WORK TO BE COMPLETED
Without the pictures, reproduce the records that follow exactly.

(Scraped caption text data)
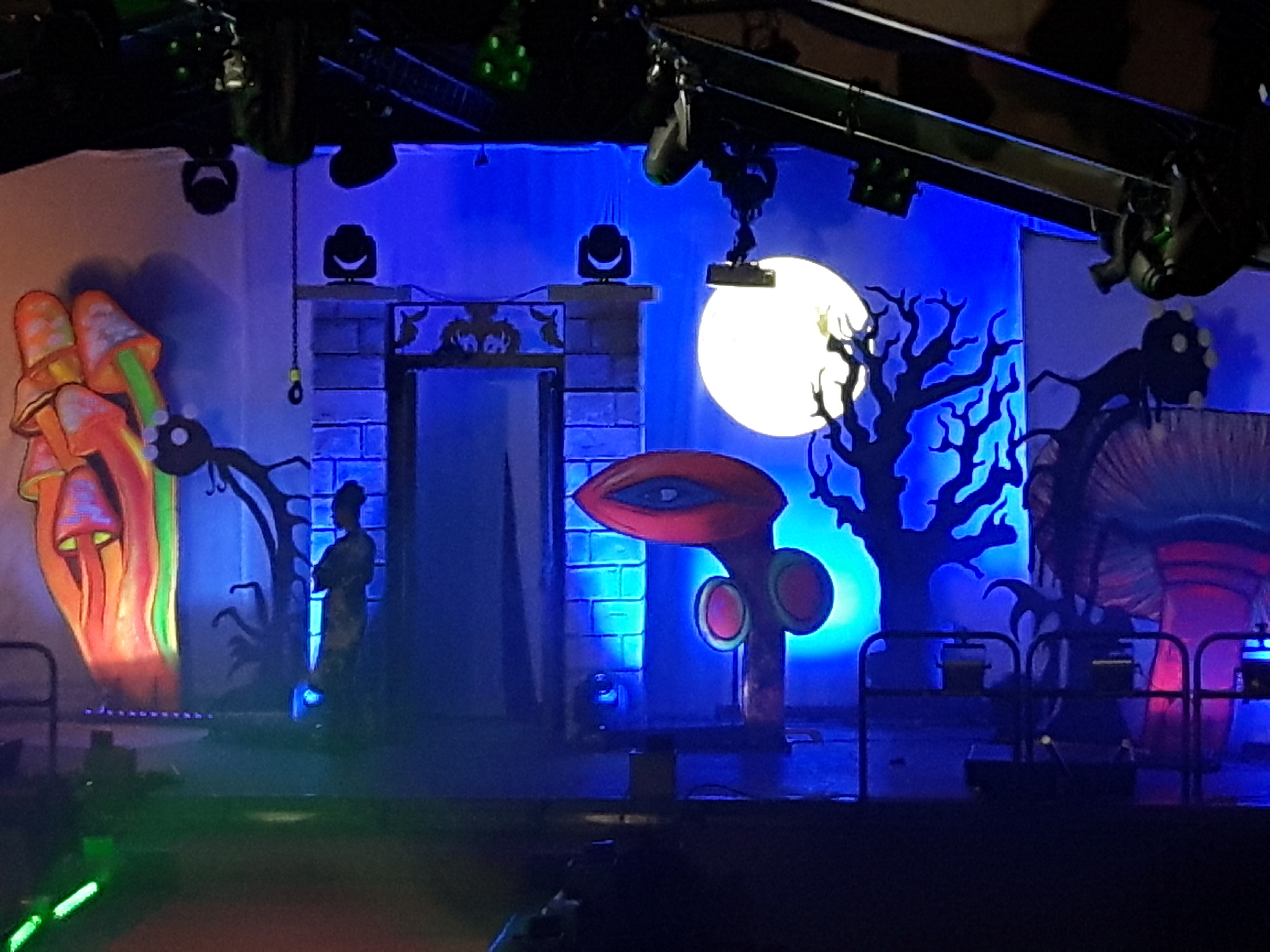 alice in wonderland garden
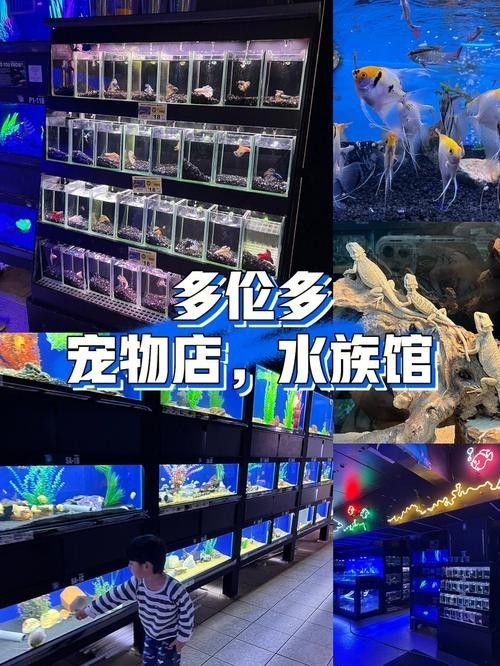 多倫開水族店怎么樣？加盟祥龍魚場賣龍魚市場怎樣？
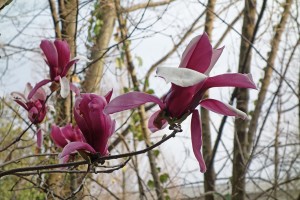DSC00224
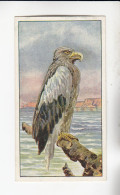 Actien Gesellschaft See - Vögel  Seeadler   Serie  56 #1 Von 1900 - Stollwerck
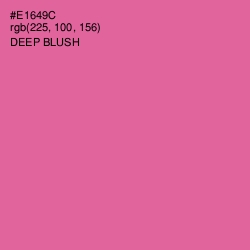 #E1649C - Deep Blush Color Image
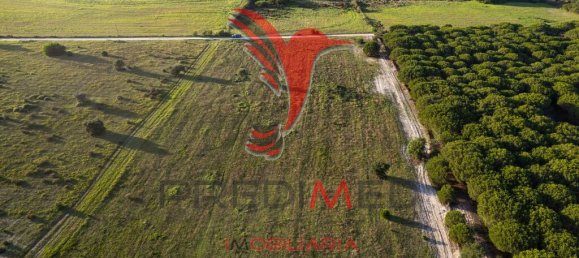 42000m² Land in Sines, Portugal No. 96860 5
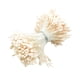 thumbnail image 4 of 1 paquete artificial mate doble cabeza flor estambre pistilo crema, 4 of 5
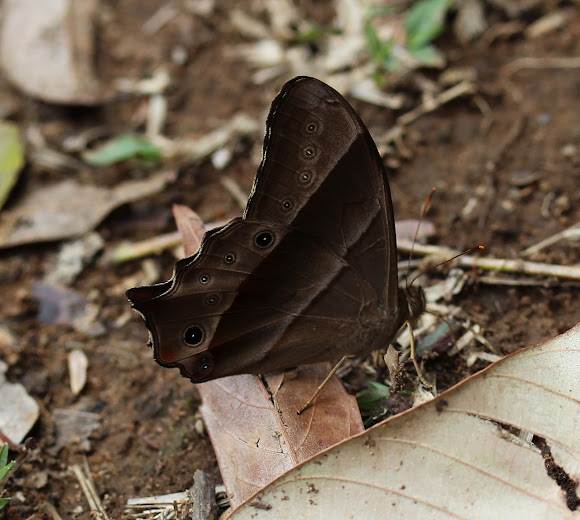 Spotting Image 1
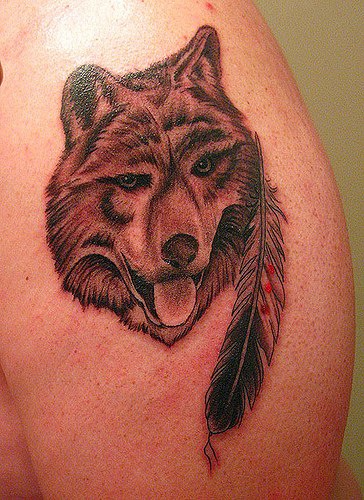 Funny wolf tattoo with feather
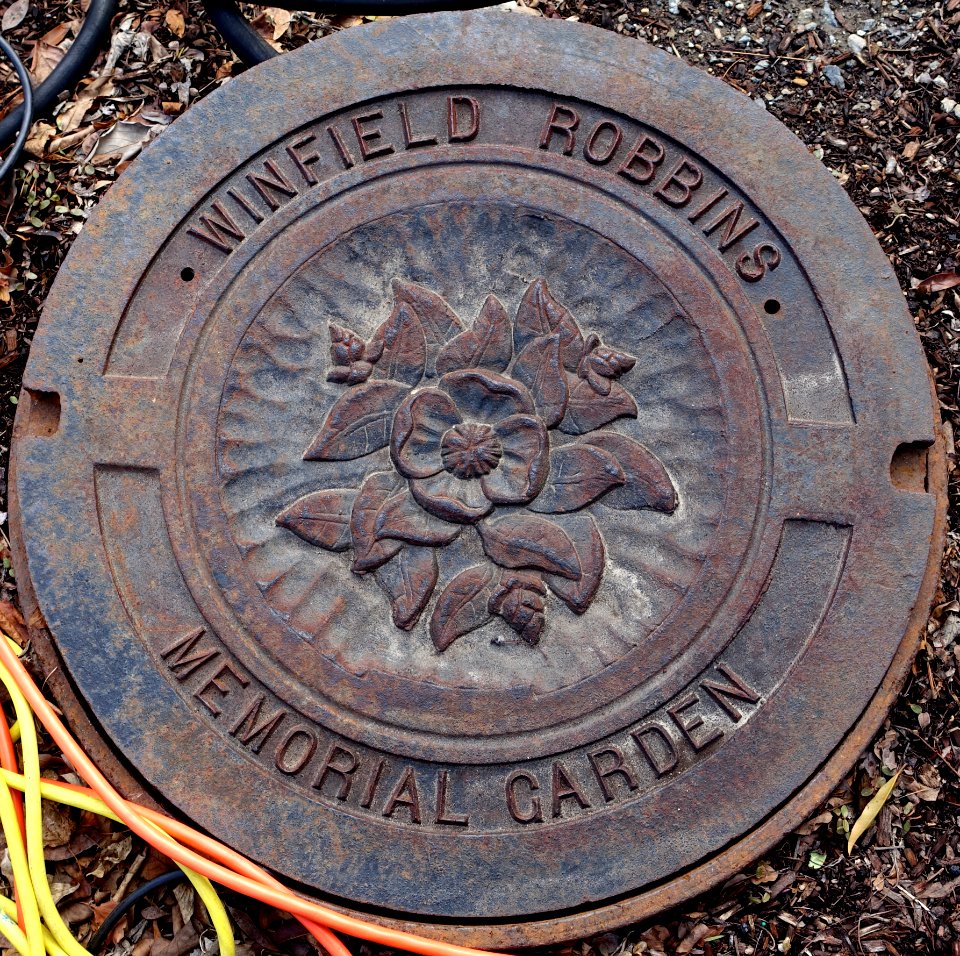 Winfield Robbins Memorial Gardens manhole cover - Arlington, MA - DSC05838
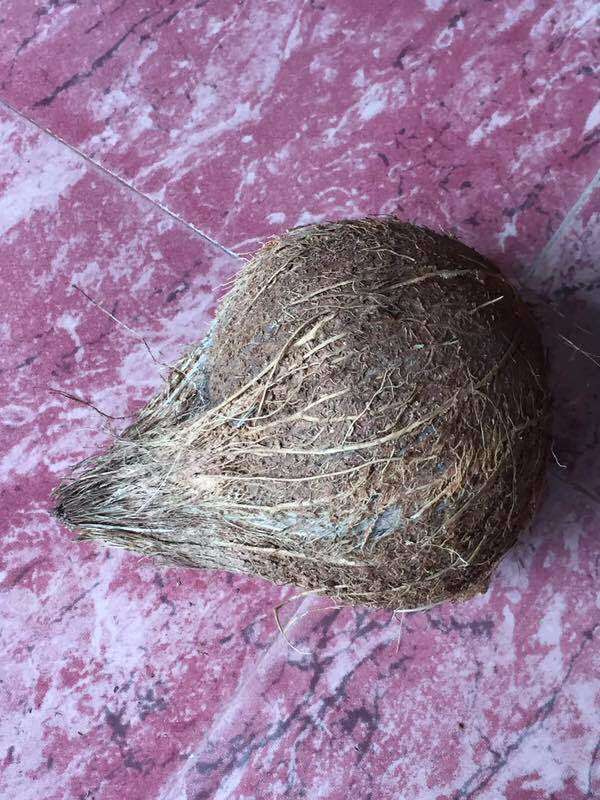 Mature Coconut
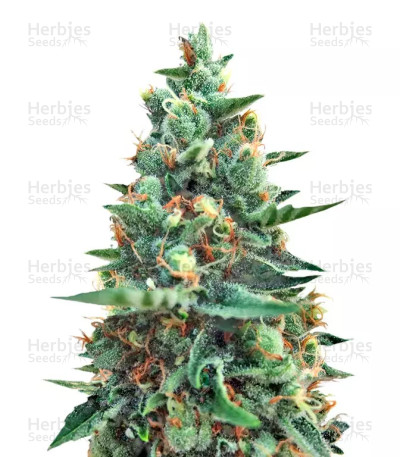 White Rush Auto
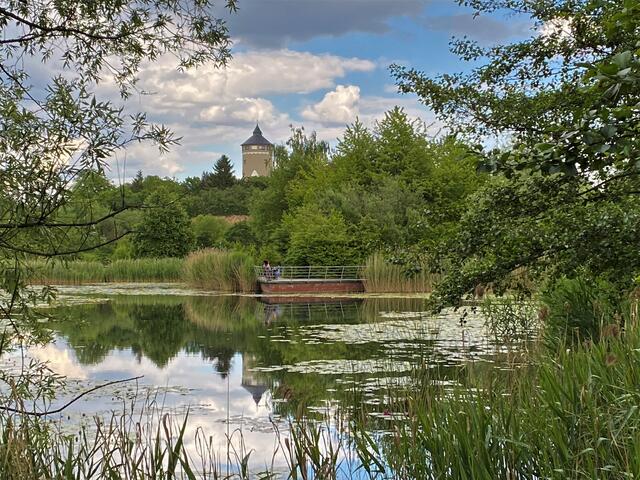 Idyllischer Ziegeleipark in Böckingen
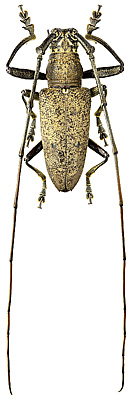 Cerambycidae: Pelargoderus malaccensis Breun.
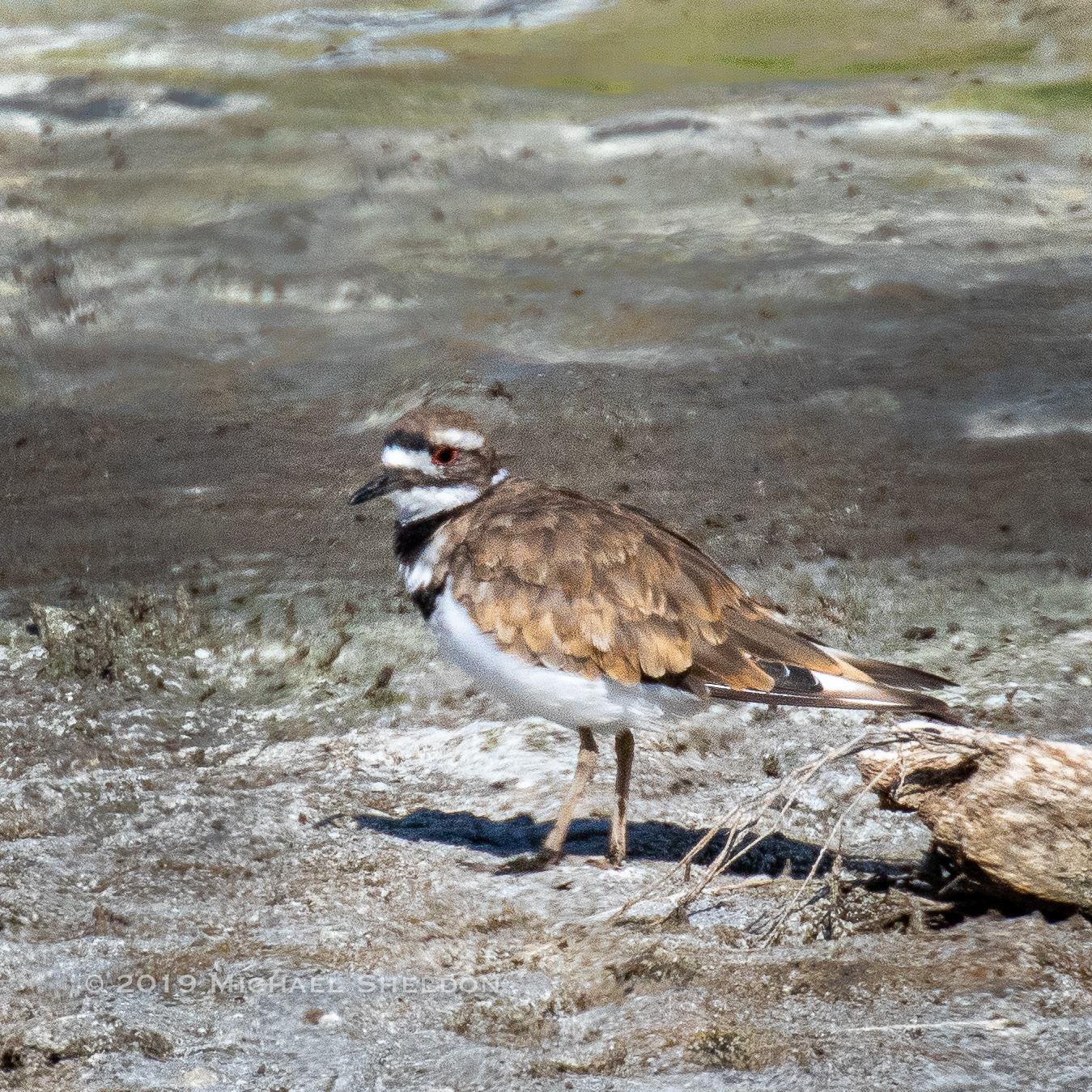 Killdeer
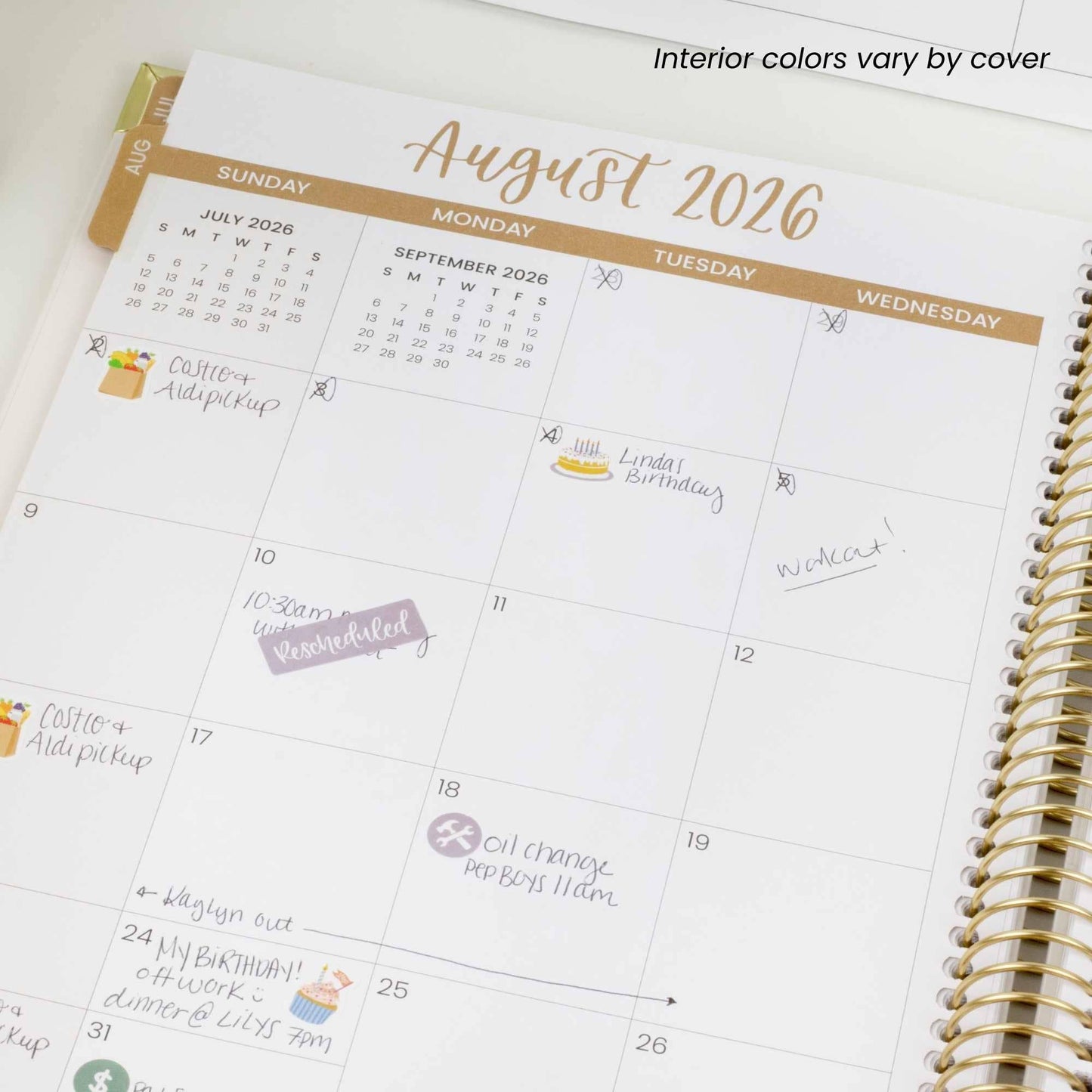 2026-27 Hard Cover Academic Vision Planner, 7x9 Size: Eucalyptus White
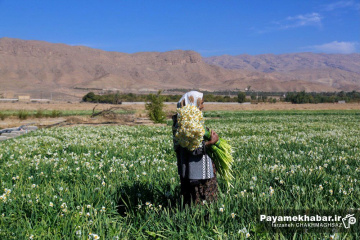 برداشت گل نرگس در خفر فارس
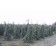 The Blues Weeping Blue Spruce...©photo David Spahn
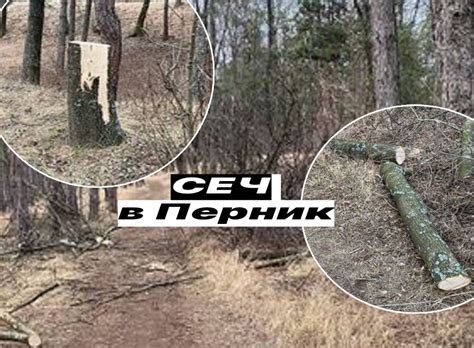 Сеч на дърва в района на пернишки квартал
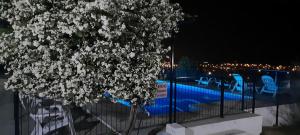 a tree with white flowers in front of a fence at Aiken Cabañas in Villa Cura Brochero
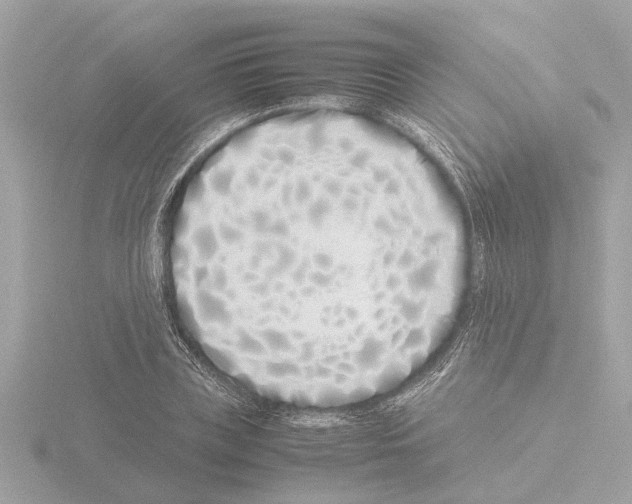 X0000115500835200912181422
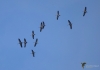 Filename=034_fotowilga~67.JPG
Filesize=195KB
Dimensions=700x491
Date added=Nov 06, 2019 034_fotowilga~67.JPG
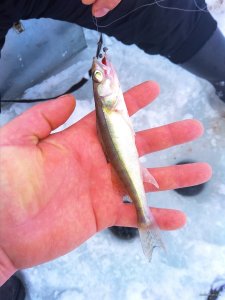 IMG_20190113_092147.jpg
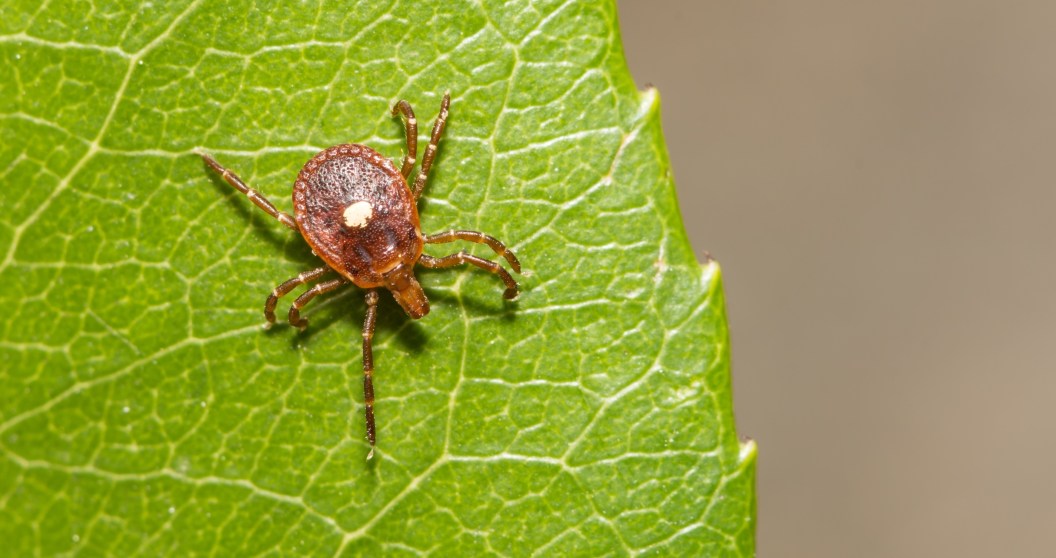 Develop An Allergy To Red Meat If You Live In The Suburbs Because of Lone Star Tick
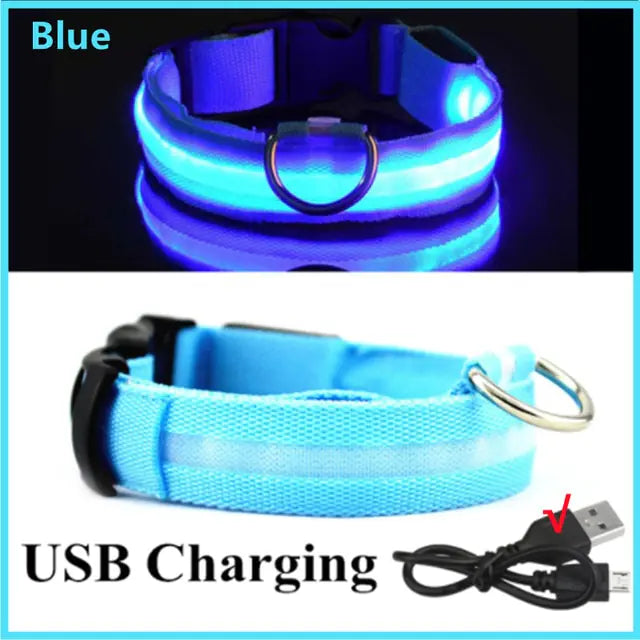 LED Glowing Adjustable Dog Collar Blue USB Charging S Neck 34-41 CM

SOLUTION TO THIS TASK
 alice in wonderland garden
 多倫開水族店怎么樣？加盟祥龍魚場賣龍魚市場怎樣？
DSC00224
 Actien Gesellschaft See - Vögel  Seeadler   Serie  56 #1 Von 1900 - Stollwerck
 #E1649C - Deep Blush Color Image
 42000m² Land in Sines, Portugal No. 96860 5
 thumbnail image 4 of 1 paquete artificial mate doble cabeza flor estambre pistilo crema, 4 of 5
 Spotting Image 1
 Funny wolf tattoo with feather
 Winfield Robbins Memorial Gardens manhole cover - Arlington, MA - DSC05838
 Mature Coconut
 White Rush Auto
 Idyllischer Ziegeleipark in Böckingen
 Cerambycidae: Pelargoderus malaccensis Breun.
 Killdeer
 2026-27 Hard Cover Academic Vision Planner, 7x9 Size: Eucalyptus White
 برداشت گل نرگس در خفر فارس
 The Blues Weeping Blue Spruce...©photo David Spahn
 Сеч на дърва в района на пернишки квартал
 a tree with white flowers in front of a fence at Aiken Cabañas in Villa Cura Brochero
 X0000115500835200912181422
 Filename=034_fotowilga~67.JPG
Filesize=195KB
Dimensions=700x491
Date added=Nov 06, 2019 034_fotowilga~67.JPG
 IMG_20190113_092147.jpg
 Develop An Allergy To Red Meat If You Live In The Suburbs Because of Lone Star Tick
 LED Glowing Adjustable Dog Collar Blue USB Charging S Neck 34-41 CM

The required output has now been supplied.